Unique Challenges in Responding to Stalking
Stalking differs from many other crimes in two important ways. First, because it involves repeat victimization of a targeted individual, stalking is, by its very nature, a series of acts rather than a single incident. Second, this crime is defined at least partly by its effect on the victim. Under the National Center’s Model Stalking Code Revisited, “Any person who purposefully engages in a course of conduct directed at a specific person and knows or should know that the course of conduct would cause a reasonable person to (a) fear for his or her safety or the safety of a third person; or (b) suffer other emotional distress is guilty of stalking.”1 Stalking induces fear, creates uncertainty, and profoundly disrupts lives. The crime is common in relationships that involve domestic violence, past or current, and it often precedes severe, even lethal violence. Yet stalkers may also target strangers. As a result, stalking is hard to identify, investigate, and prosecute.
Stalking cases present other unique challenges to investigators:
- Stalking behaviors are complex and varied. Stalking takes many forms, and stalkers’ behavior may vary from one incident to another.
- There is no standard psychological profile of stalkers to assist investigators. Stalkers may be motivated by anger, jealousy, revenge, fantasy, irrational love, or delusion. They may or may not have criminal records or mental illnesses.
- When stalkers also commit domestic violence, investigations are likely to focus on the violence rather than the stalking. Compared with acts of violence, stalking may seem less significant, and the dangers represented by stalking may be overlooked.
- Stalkers often cross state or tribal lines to monitor, harass, or commit violence against victims.

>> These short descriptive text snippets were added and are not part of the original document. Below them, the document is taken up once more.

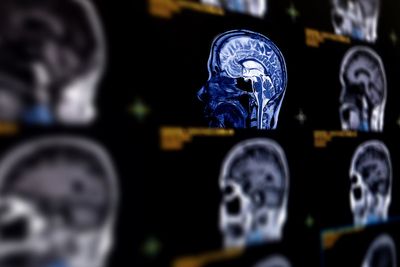 Researchers say AI can predict Alzheimer’s disease with close to 93 percent accuracy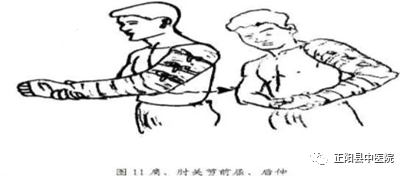 上肢怎么康复【正中医｜科普】上肢骨折术后如何正确的进行康复锻炼_https://www.jmylbn.com_新闻资讯_第19张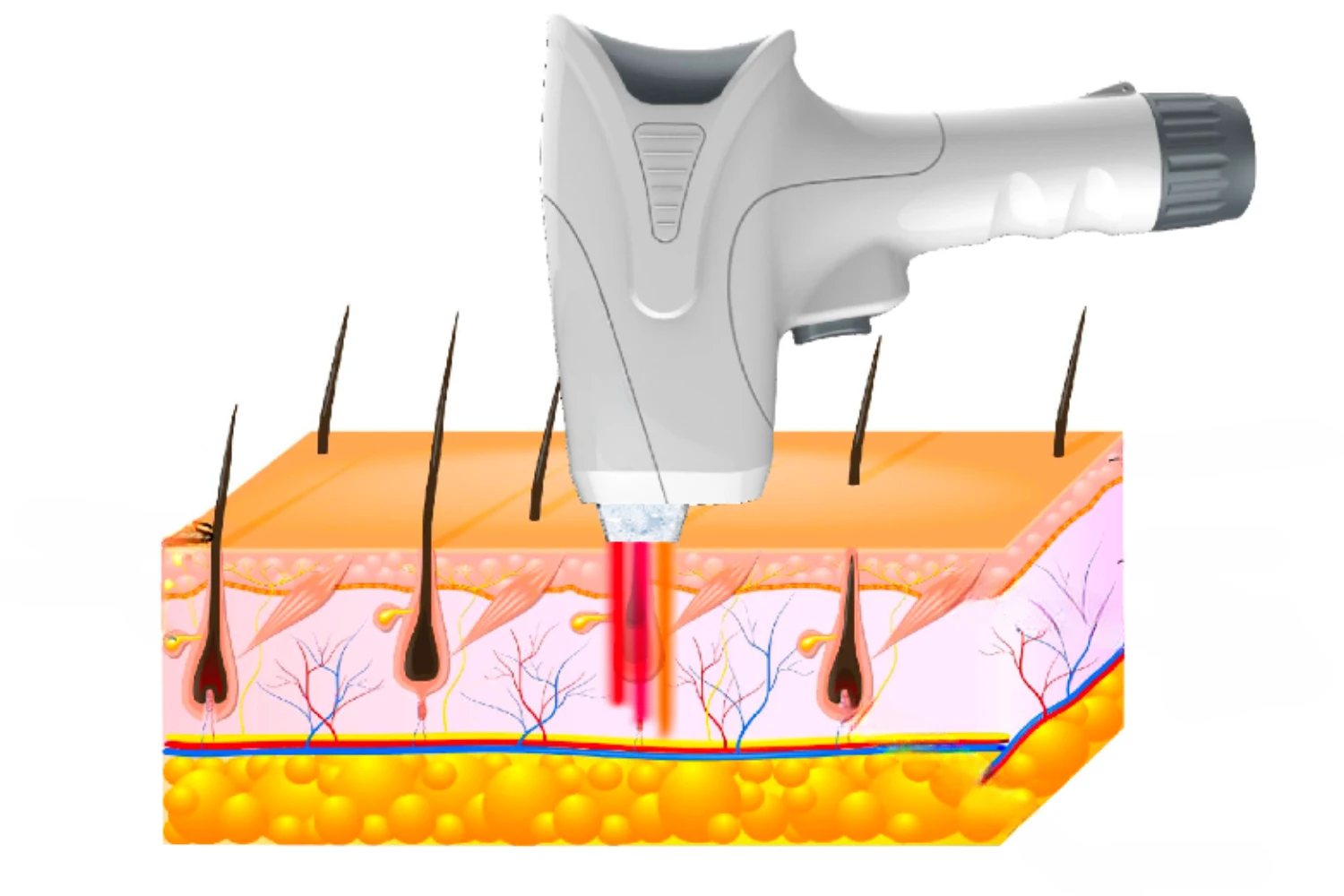 épillation laser classique et laser diode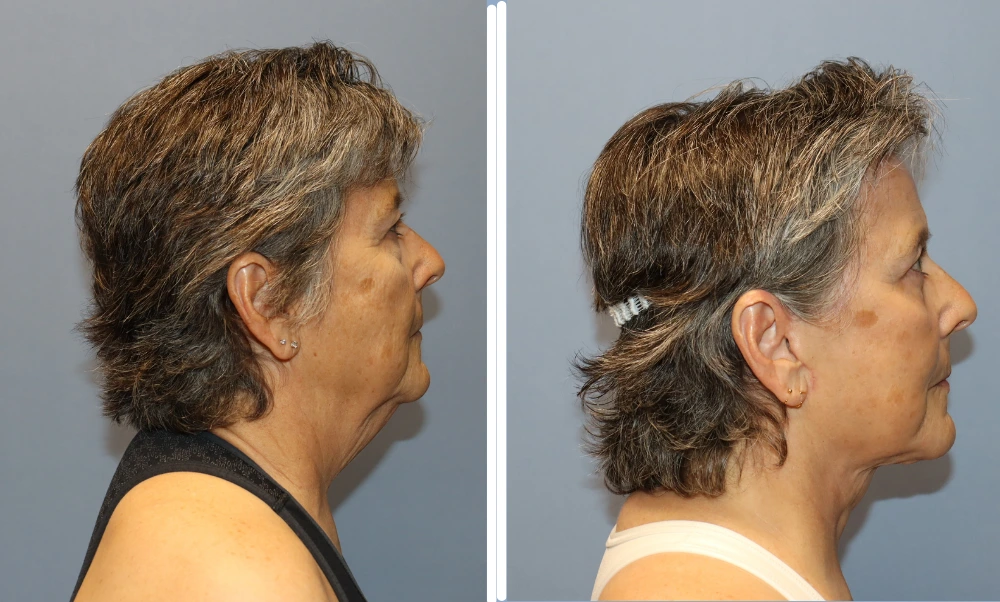 Before and after neck lift results showing improved jawline and neck contour from side profile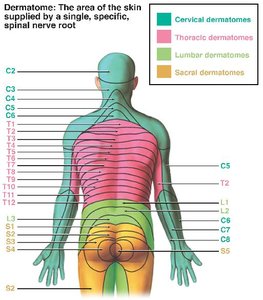 Dermatome map for shingles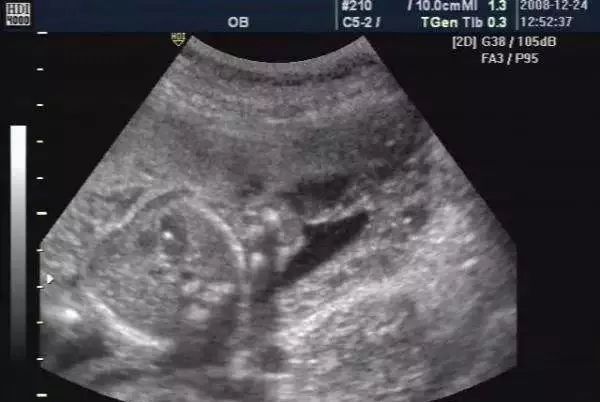 产检心室有强光斑,心室强光斑是怎么回事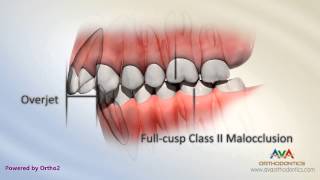 Malocclusion  Class II Div I [upl. by Cagle]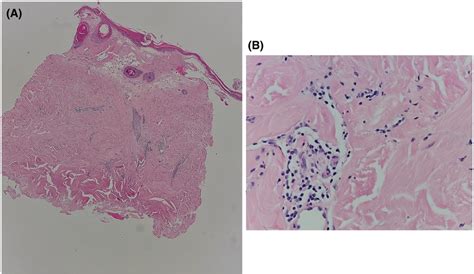 Histopathology A Photomicrograph Shows Square Shape Punch Biopsy With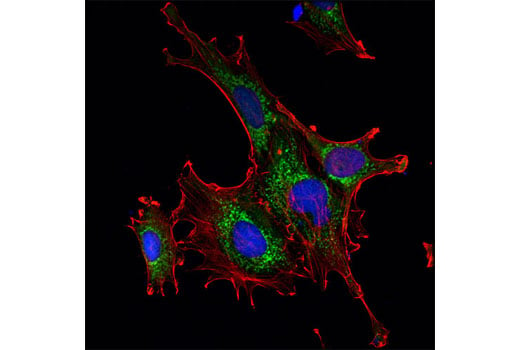 undefined Image 33: Glutamine Metabolism Antibody Sampler Kit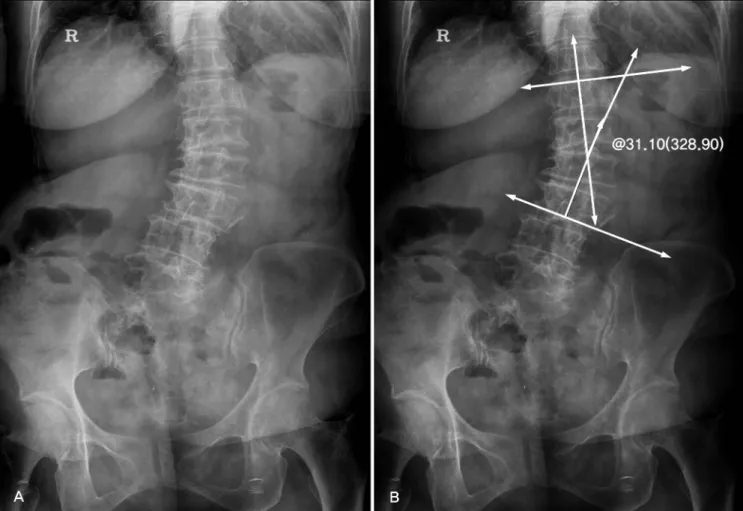 Fig. 1. (A, B) L-spine AP and Cobbs angle of 71 years olds female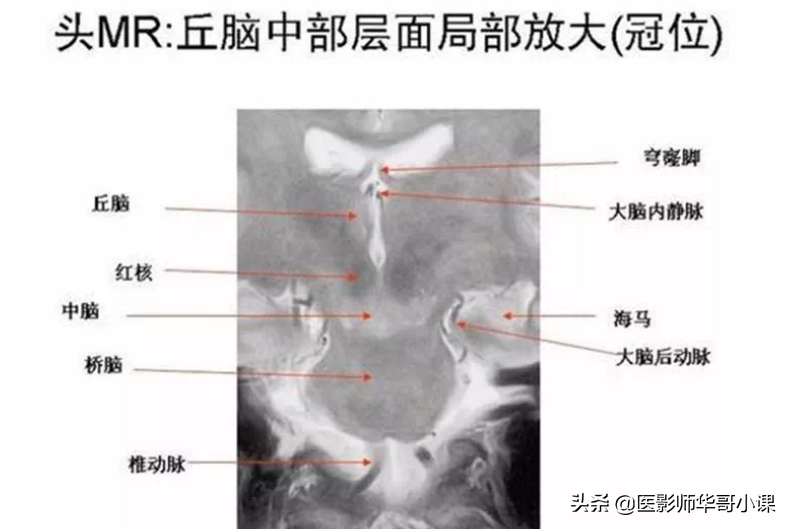 颅脑mri(头部MRI)插图(59)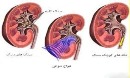 چه زمانی کیست کلیه خطرناک می‌شود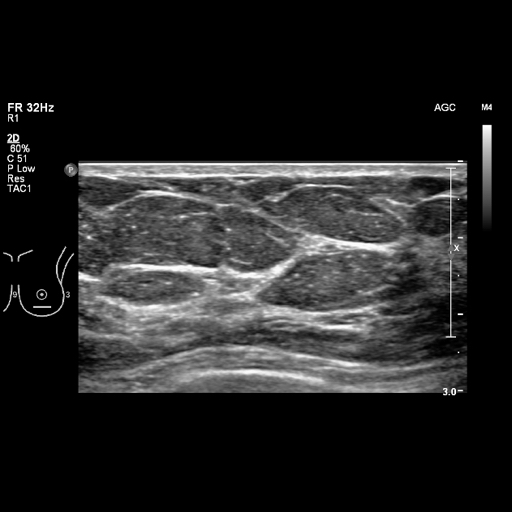 File:Breast metastases from renal cell cancer (Radiopaedia 79220-92226 Left breast US 23).jpeg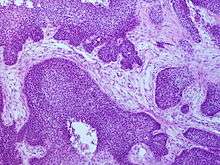 Appearance of basaloid pattern of squamous cell cancer under the microscope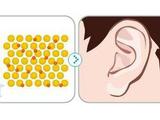 玻尿酸填充耳垂效果好吗 打完玻尿酸后要注意什么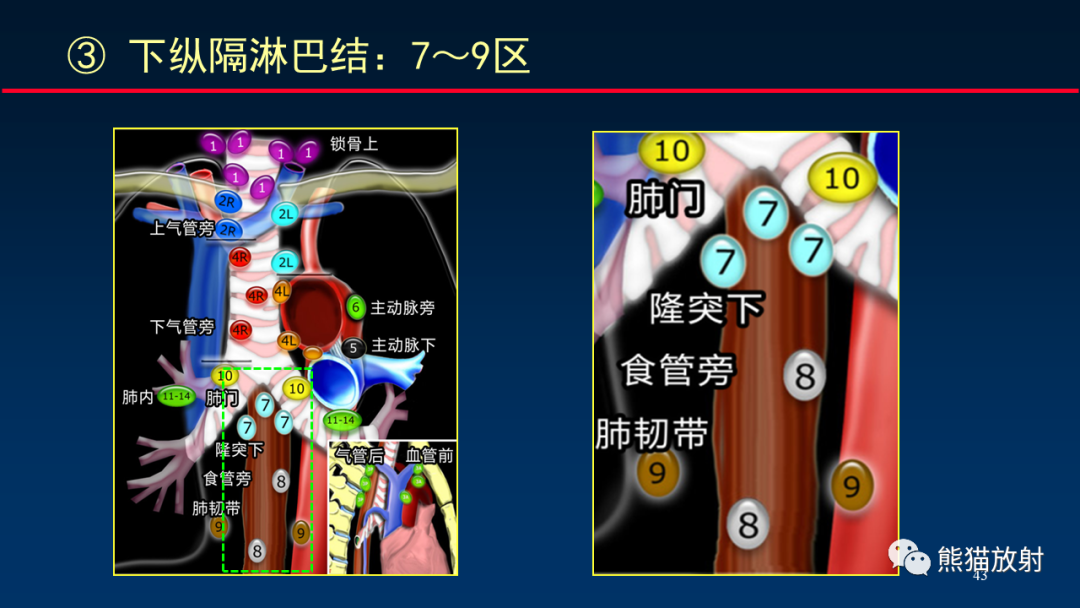【PPT】纵隔与肺门淋巴结的识别与精准CT分区-43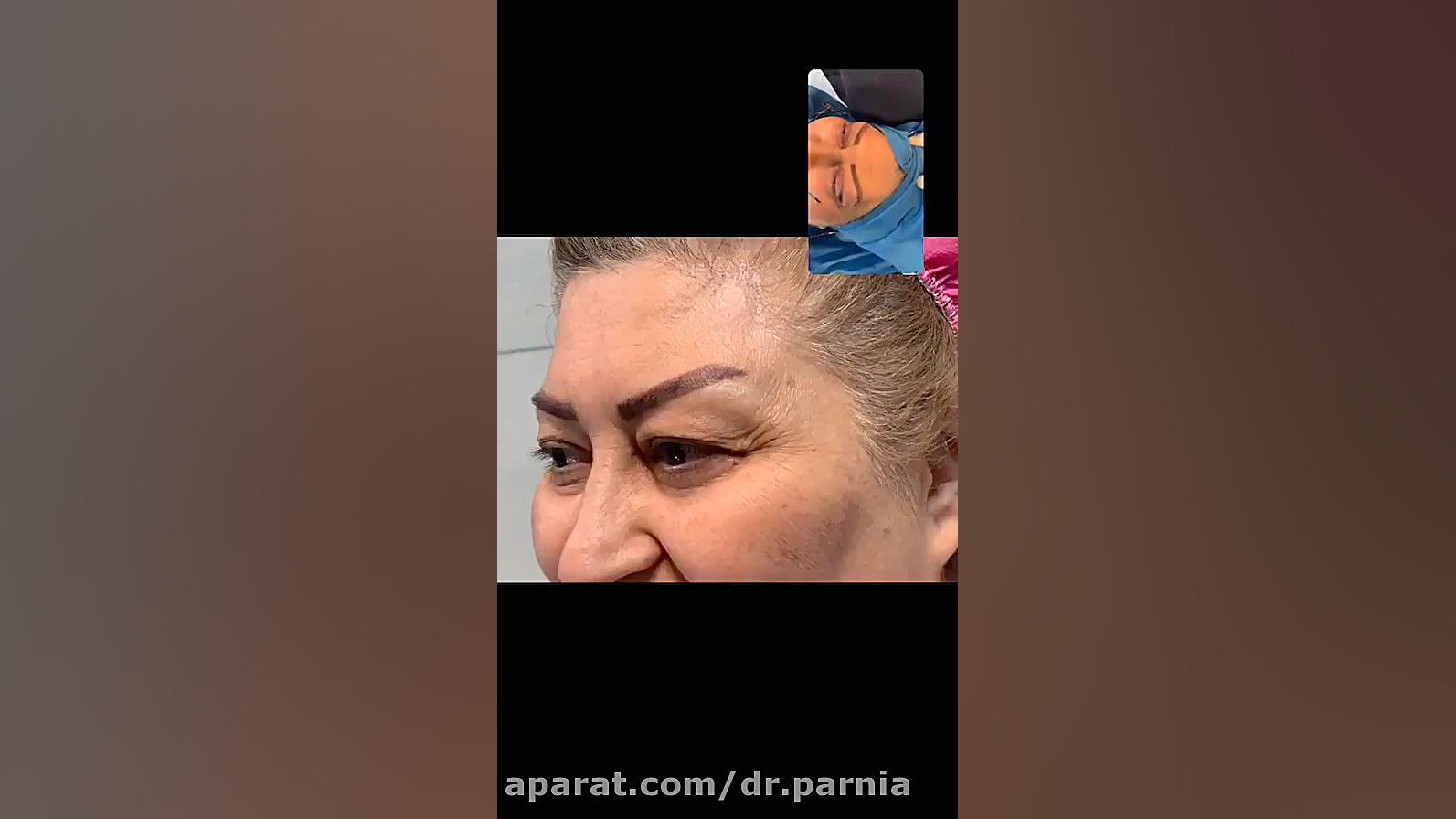 فیلم عمل بلفاروپلاستی دکتر رفیع پرنیا فوق تخصص پلاستیک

Authorities face significant challenges investigating and prosecuting crimes committed in more than one jurisdiction.
- Stalkers are not easily deterred. Stalkers can be determined and unrelenting. Conventional sanctions such as protection orders do not necessarily deter them, and many stalkers continue pursuing their victims even after they have been arrested and imprisoned.
- Ensuring victim safety is difficult. There is always a risk that stalking may escalate to physical, even lethal violence, and criminal justice interventions may be ineffective. All interventions must be carefully monitored and coordinated with action to protect victims.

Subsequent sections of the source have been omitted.